General characteristics (as built)
- Class & type: Fidonisy-class destroyer
- Displacement: 1,326 long tons (1,347 t) (normal); 1,580 long tons (1,610 t) (full load);
- Length: 92.51 m (303 ft 6 in)
- Beam: 9.05 m (29 ft 8 in)
- Draft: 3.2 m (10 ft 6 in)
- Installed power: 5 Thornycroft boilers; 29,000 shp (22,000 kW);
- Propulsion: 2 shafts; 2 steam turbines
- Speed: 30 knots (56 km/h; 35 mph)
- Range: 1,850 nmi (3,430 km; 2,130 mi) at 18 knots (33 km/h; 21 mph)
- Complement: 136
- Armament: 4 × single 102 mm (4 in) guns; 2 × single 40 mm (1.6 in) AA guns; 4 × single 7.62 mm (0.3 in) machine guns; 4 × triple 450 mm (17.7 in) torpedo tubes; 80 mines;

= Russian destroyer Fidonisy =

Fidonisy (Фидониси) was the name ship of her class of eight destroyers built for the Imperial Russian Navy during World War I. Originally named Feodonisy (Феодониси), she was renamed Fidonisy before she was completed. Completed in 1917, she played a minor role in the war as part of the Black Sea Fleet before the Russian Revolution began later that year. Her crew joined the Bolsheviks in December and she supported their efforts to assert control in the Crimea over the next several months. The ship sailed from Sevastopol as the Germans approached in May 1918, but was scuttled in Novorossiysk harbor the following month when the Germans demanded that she be handed over as per the terms of the Treaty of Brest-Litovsk. Her wreck was discovered in 1964 and was partially salvaged.

== Design and description==

The Fidonisy-class ships were designed as improved version of the with an additional 102 mm gun. Fidonisy had an overall length of 92.51 m, a beam of 9.05 m, and a draft of 3.2 m at full load. The ship displaced 1326 LT at normal load and 1580 LT at full load. She was propelled by two Parsons steam turbines, each driving one propeller, designed to produce a total of 29000 shp using steam from five three-drum Thorneycroft boilers for an intended maximum speed of 33 kn. During her sea trials, the ship reached a speed of 31.4 kn from 25854 shp. Fidonasi carried enough fuel oil to give her a range of 1850 nmi at 18 kn. Her crew numbered 136 men.

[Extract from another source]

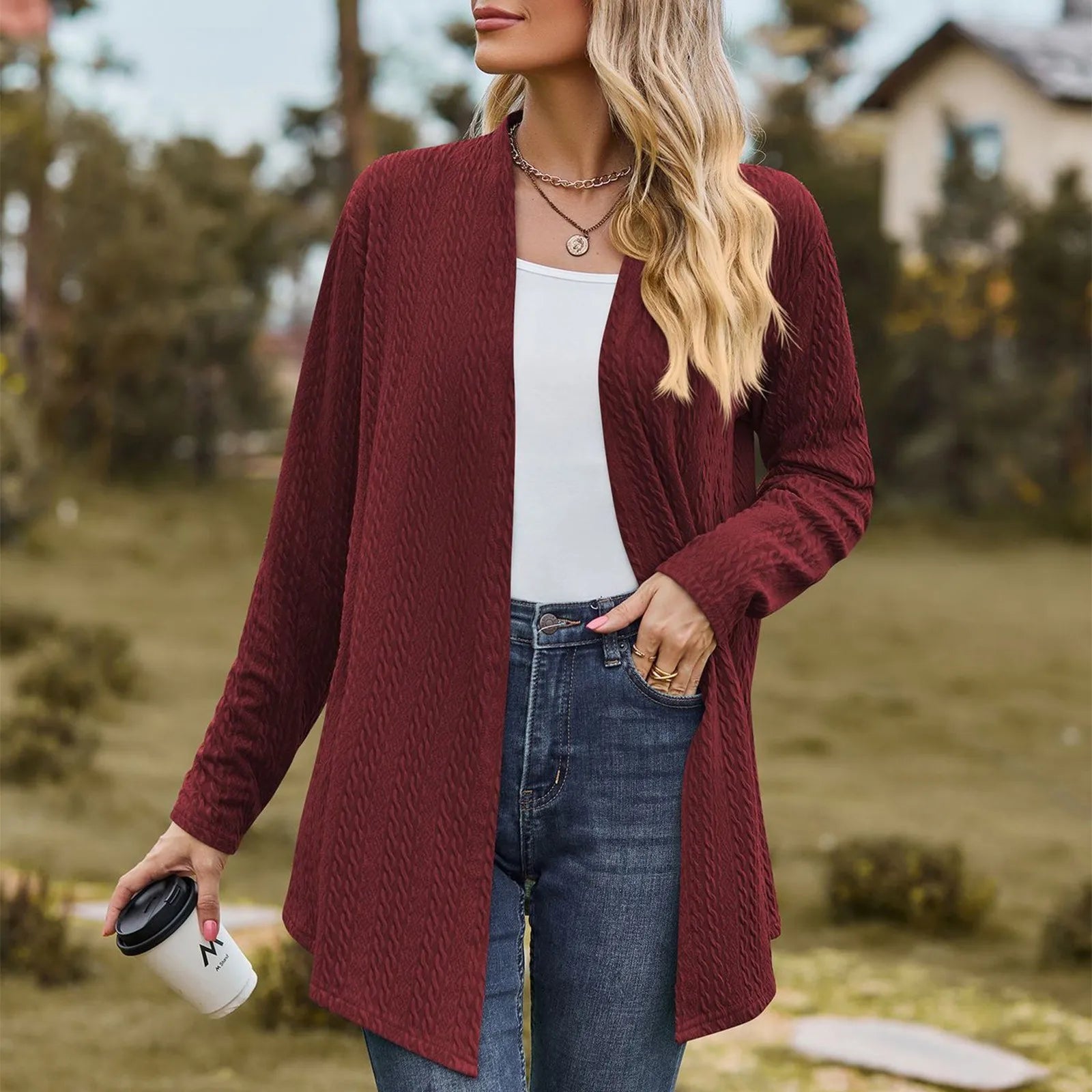 Loose Solid Color Cardigan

The ships mounted a main armament of four single 102 mm Pattern 1911 Obukhov guns. Anti-aircraft defense for Fidonisy was provided by a pair of 40 mm anti-aircraft guns and four 7.62 mm M-1 machine guns. The destroyers mounted four triple 450 mm torpedo tube mounts amidships with a pair of reload torpedoes and could carry 80 M1908 naval mines. They were also fitted with a Barr and Stroud rangefinder and two 60 cm searchlights.

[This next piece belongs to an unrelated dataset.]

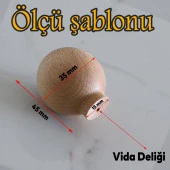 Ahşap Küre Kulp Tek Vidalı Çekmece Mutfak Mobilya Dolabı Dolap Kulpu Kulbu Düğme Kulpları thumbnail 2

== Construction and service ==
The eight Fidonisy-class destroyers were ordered on 17 March 1915 at a cost of 2.2 million rubles each. All of them received names in honor of the victories of Admiral Fyodor Ushakov. The ship that later became Fidonisy was originally named Feodonisy, an alternate spelling of Fidonisy, commemorating the Battle of Fidonisi in 1788 and she received her final name on 9 January 1917. After being added to the Black Sea Fleet ship list on 2 July 1915, Fidonisy was laid down in the Russud Shipyard in Nikolayev on 29 October 1915. The ship was launched on 18 May 1916, completed on 25 May 1917 and was accepted for service on 1 June. Fidonisy participated in a commando raid on the Turkish port of Ordu on 24 August. The following month, she was one of eight destroyers that patrolled off the west Anatolian coast and helped to sink 19 small sailing ships on 13–15 September 1917. Between 30 September and 20 October the ship participated in multiple patrols attempting to interdict the delivery of coal to Istanbul; during this time, the Russian destroyers claimed to have sunk 1 steamship, 23 sailing vessels and captured 2 others. The navy ceased offensive operations against the Central Powers in early November in response to the Bolshevik Decree on Peace before a formal Armistice was signed the next month.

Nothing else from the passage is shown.